→ WHAT IS NEEDED:
Copy the data verbatim and leave out every picture.

→ GIVEN INFORMATION:
__________

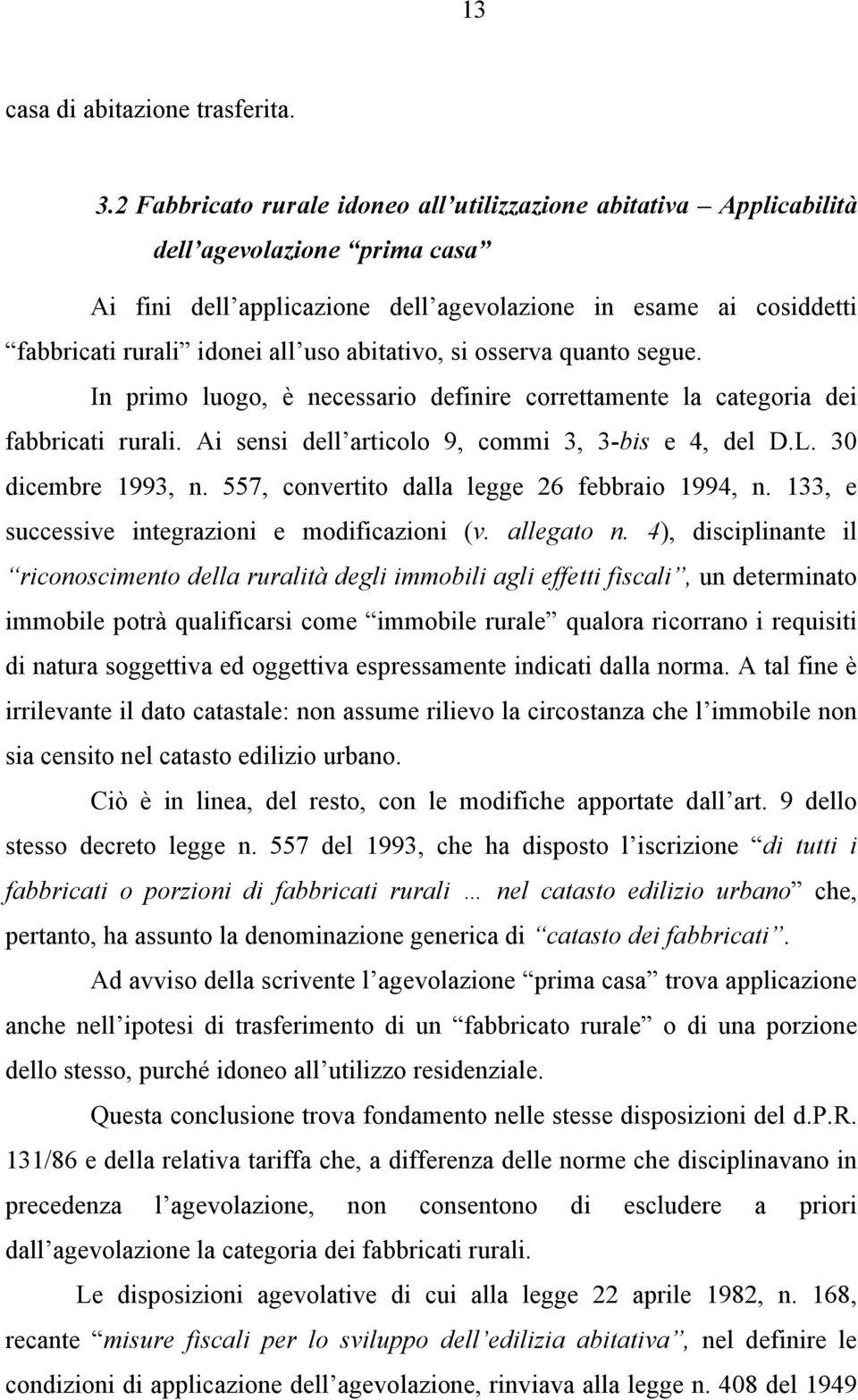 abitativo, si osserva quanto segue. In primo luogo, è necessario definire correttamente la categoria dei fabbricati rurali. Ai sensi dell articolo 9, commi 3, 3-bis e 4, del D.L. 30 dicembre 1993, n.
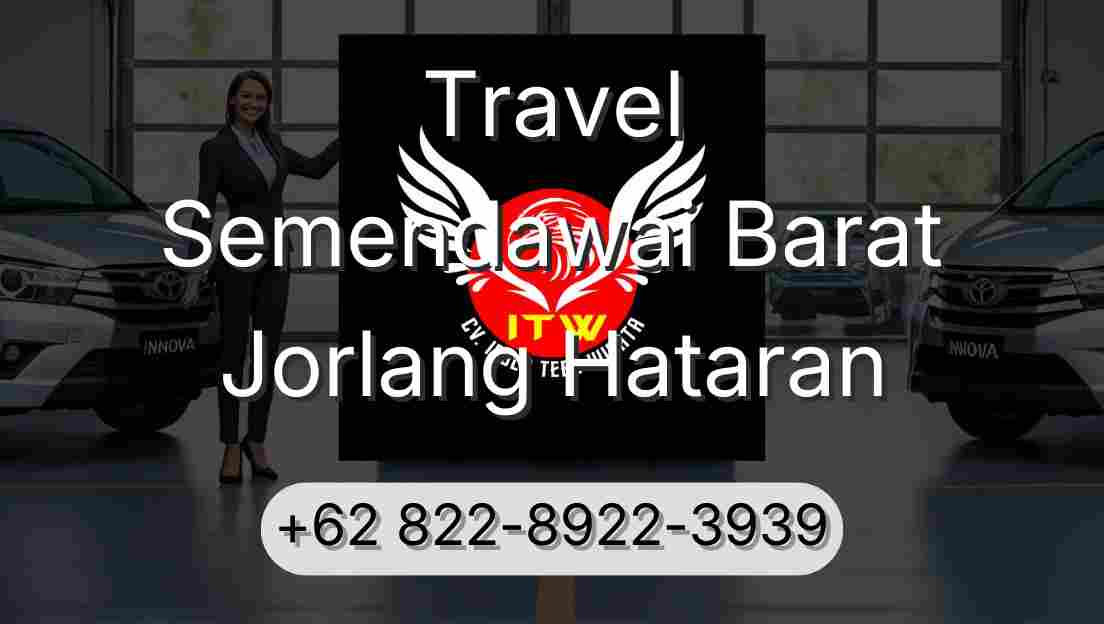 Travel Semendawai Barat Jorlang Hataran
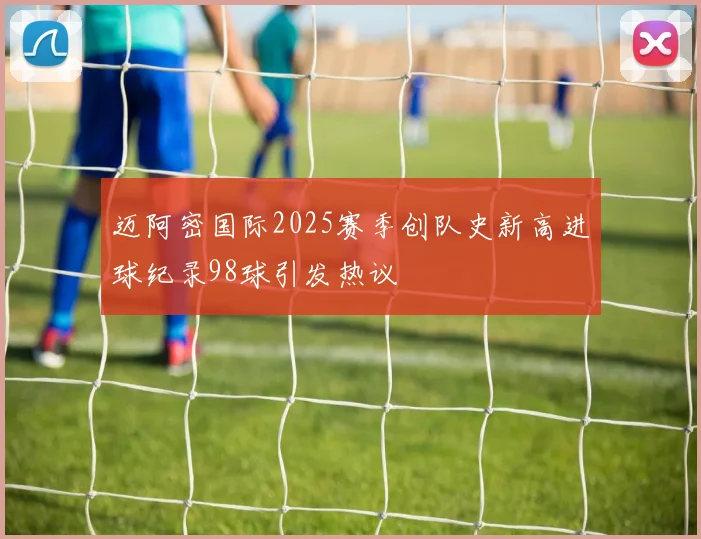 迈阿密国际2025赛季创队史新高进球纪录98球引发热议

__________

→ OUTPUT FOR THIS TASK:
 abitativo, si osserva quanto segue. In primo luogo, è necessario definire correttamente la categoria dei fabbricati rurali. Ai sensi dell articolo 9, commi 3, 3-bis e 4, del D.L. 30 dicembre 1993, n.
 Travel Semendawai Barat Jorlang Hataran
 迈阿密国际2025赛季创队史新高进球纪录98球引发热议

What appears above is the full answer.